Calvin felt blasphemers of God were worse than murderers because a "murderer merely kills the body, while heresy accepted damns the soul to everlasting hell." Calvin crushed anyone who attacked the fundamental assumptions of Christianity. Those who spoke out for freedom of worship were banished or beheaded.

Calvin believed God "has explicitly instructed us to kill heretics, to smite with the sword any city that abandons the worship of the true faith revealed by Him. Calvin quoted the ferocious decrees of Deut 13:5-15, 17;2-5; Exodus 22:20 and Lev. 24:16. God, he says, demands 'extreme severity' if we have Him in our 'combat for His glory.'"

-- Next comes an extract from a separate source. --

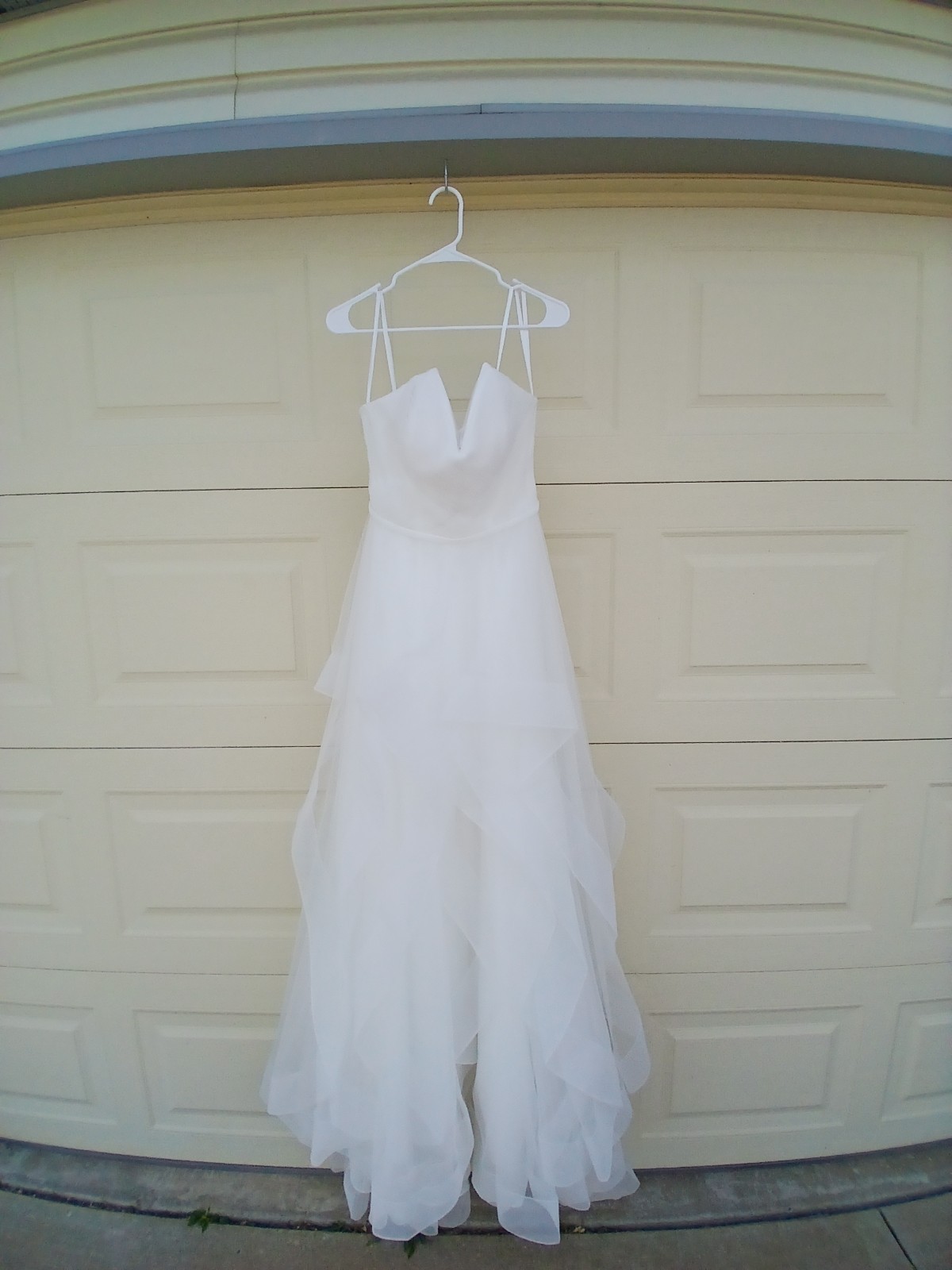 Basix Black Label Wedding Dress Size 4 NWT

One book said, "Far more Christians were murdered by Christians during the Reformation than the believers sacrificed in three centuries of Roman persecution."  Calvin is one of the greatest failures in Christianity.  He was cruel.

"Therefore when Calvin came to dictatorial power in Geneva, he saw to it that every man’s mortal acts were judged vigorously. The city’s 16,000 inhabitants were spied upon and punished for acts considered heretical or immoral by Calvin and the elders. During the years 1542-1546 the little town witnessed fifty-eight executions and seventy-six banishments. The theater was banned as immoral, bright colors in dress were forbidden, swearing and dancing were punished, and nobody was allowed to sit up in the inns after nine o’clock at night except spies. As Preserved Smith says, 'Calvin also pronounced on the best sort of stoves and got servants for his friends. In fact, there was never such a busybody in a position of high authority before or since.'"

Calvin punished with ferocity those holding religious views other than his own. One man wrote "all rubbish" on one of Calvin’s tracts and was put on the rack twice a day, morning and evening, for a whole month.

RELIGIOUS WARS

It is tragic beyond words to see that he and other Christian leaders turned to violence.  Europe became a bloodbath.  One book says, "questions were not argued by reason or cooperative good will but rather by bloodshed and force. The hundred and fifty years following 1500 are among the bloodiest in European history. They form an era often referred to as the period of the Religious Wars." 

An example of the horror of these times that fought over theology was the terrible Massacre of St. Bartholomew’s Day. This horrible exhibition of religious fanaticism and political ruthlessness began at dawn on August 24, 1572, with a signal from the bell of the palace of Justice in Paris. The Catholic party fell upon their Protestant rivals and before the day was done 10,000 were killed.

"By dawn the whole hysterical city was taking up the bestial cry , "Kill! Kill!" Women and children were senselessly hacked to death and dumped into the Seine. The great scholar Petrus Ramus was cut down while he knelt at prayer, and his pupils dragged his body through the streets. Debtors murdered their creditors. Looting continued for days. Such was the St. Bartholomew massacre, in which at least three thousand Huguenots were killed in Paris. As word spread throughout the country, another ten thousand were killed in the provincial towns. Some modern historians, numbed by gas chambers for the Jews and napalm for the Vietnamese, dismiss the episode as just another atrocity. But this will hardly do. The St. Bartholomew massacre should be remembered as mass murder in Europe’s greatest city, plotted by the leaders of the state, and triggered by religious hatred. When the news reached the pope, he was so delighted that he gave a hundred crowns to the messenger."

Christianity still showed it could be vicious during the Reformation. God abandoned Germany. Italy was the formation stage, Germany was the growth stage, and England would be the completion stage. God moved from the language of the Romans, to the language of the Germans, to the language of the English. English would be the language of the nation of power for the Messiah to come to and distribute his message. England failed and like Abraham a second chance was given, and America became the chosen nation for world power.